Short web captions
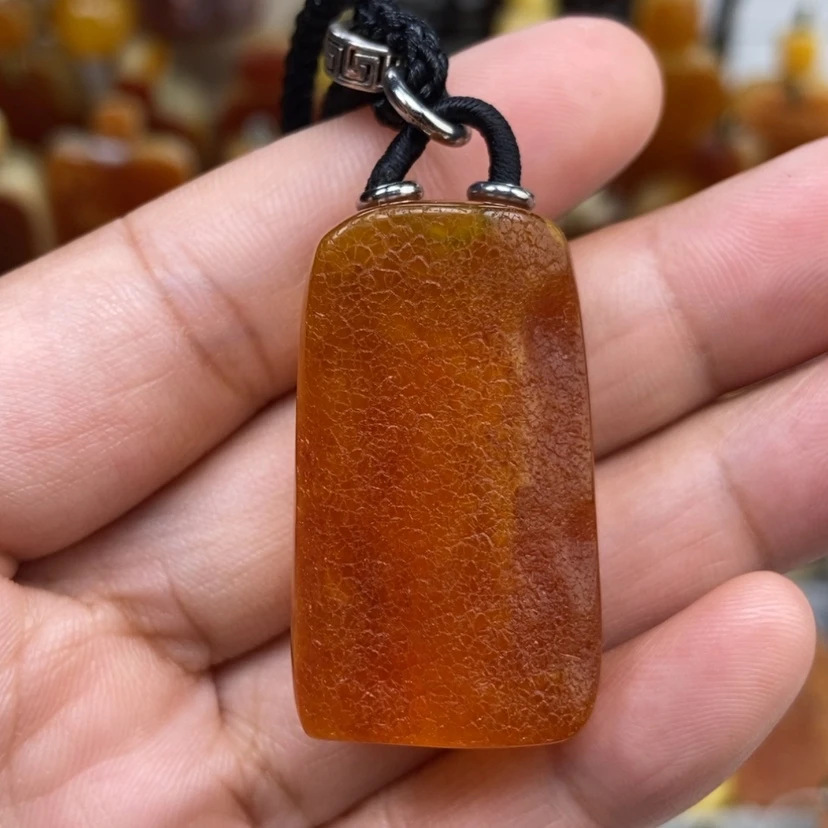 【闪购商品】琥珀颈饰未镶嵌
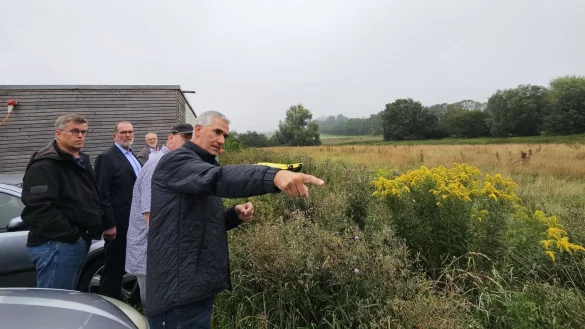 Der Bau- und Planungsausschuss hat sich in H&ouml;rste das Grundst&uuml;ck angesehen, auf dem ein ganzes Quartier mit 22 oder 26 Wohneinheiten gebaut werden soll. Beigeordneter Thorsten Paulussen hat die Kommunalpolitiker darauf hingewiesen, wo es Verrohrungen gibt. Denn der Baugrund ist ausgesprochen nass. - &copy; Astrid Sewing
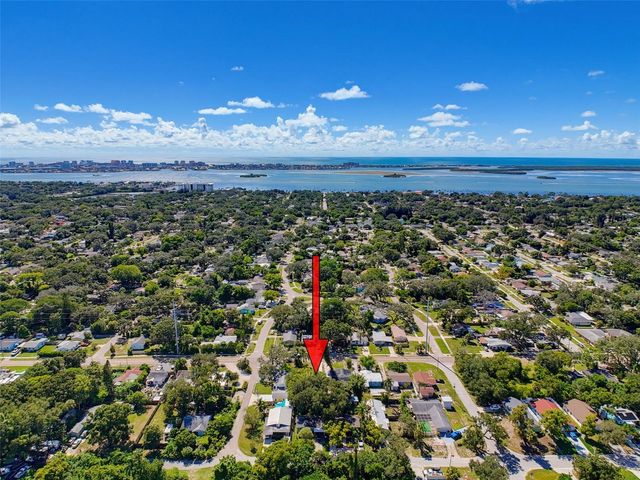2017 N BETTY LANE, Clearwater, FL 33755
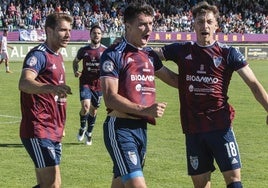 Abel Pascual, Sergi Molina y Dani Plomer celebran el tanto del central alicantino de la Sego.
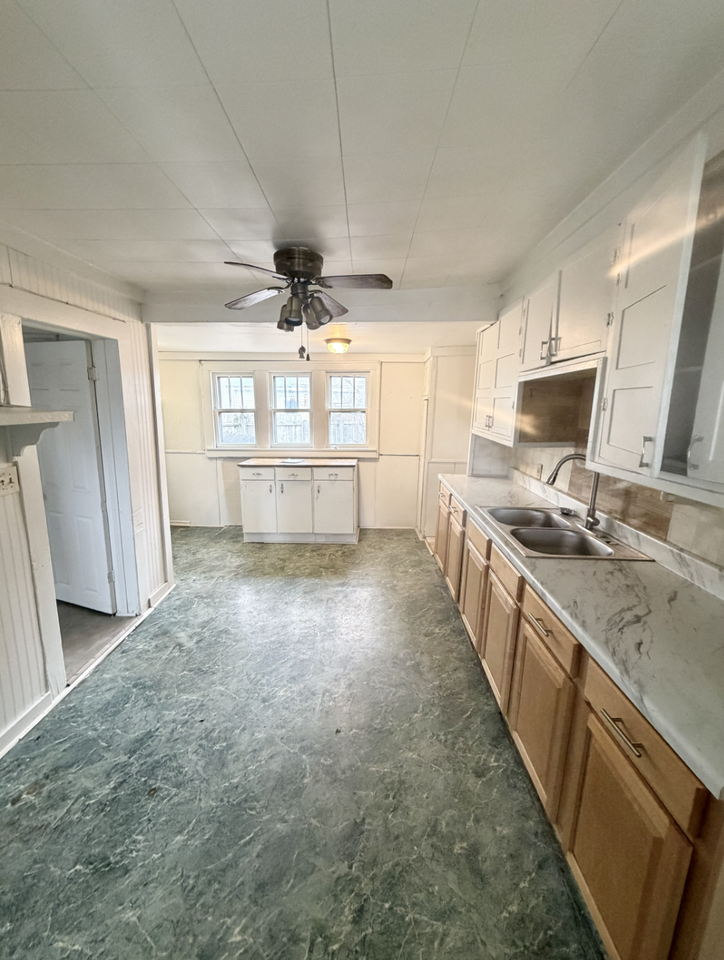 912 Pleasant St - Photo 2 of 15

### Exercise prompt
Restate, word for word, each line from the line containing "Abel Pascual, Sergi" through the end of the entries above; the pictures are not part of the copy.

### Solution to the exercise
 Abel Pascual, Sergi Molina y Dani Plomer celebran el tanto del central alicantino de la Sego.
 912 Pleasant St - Photo 2 of 15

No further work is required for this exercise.